Readings for the 18th Sunday after Pentecost
Luke 16:1-15; 1 Timothy 2:1-15; Amos 8:4-7
A boss praises his worker for being dishonest?! Money should be used to buy friends?! Sunday’s readings return us to the familiar Gospel theme of the Christian’s proper attitude towards his money and possessions (or Mammon, for short). But Jesus addresses this topic in a parable that is challenging to interpret on a number of points.
We may skip these debated questions for now and go straight to the punchline which I believe is this: Money is a tool, a valuable tool – even for the Christian. And the prudent Christian knows how to put his/her money to work for the sake of God’s Kingdom. The world is, sadly, much more savvy in its use of money than Christians are (Lk 16).

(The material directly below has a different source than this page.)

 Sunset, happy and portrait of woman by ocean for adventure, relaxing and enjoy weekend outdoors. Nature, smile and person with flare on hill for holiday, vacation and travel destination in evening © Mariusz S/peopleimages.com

The Old Testament reading follows the same theme, but with a more stern message. The prophet Amos warns of God’s judgment on all who engage in deceptive business practices that cheat others – especially the poor. (Fraudulent activities at Wells Fargo Bank are only the latest example, and by no means the worst.) Just because a practice is legal doesn’t mean that it’s right (Amos 8).
In the Epistle reading, Paul instructs pastor Timothy to lead his congregation in praying for their civil leaders. A peaceful and well-ordered society allows for the widespread and unhindered preaching of the Good News of Jesus Christ, for God desires all people to be saved (1 Tim 2).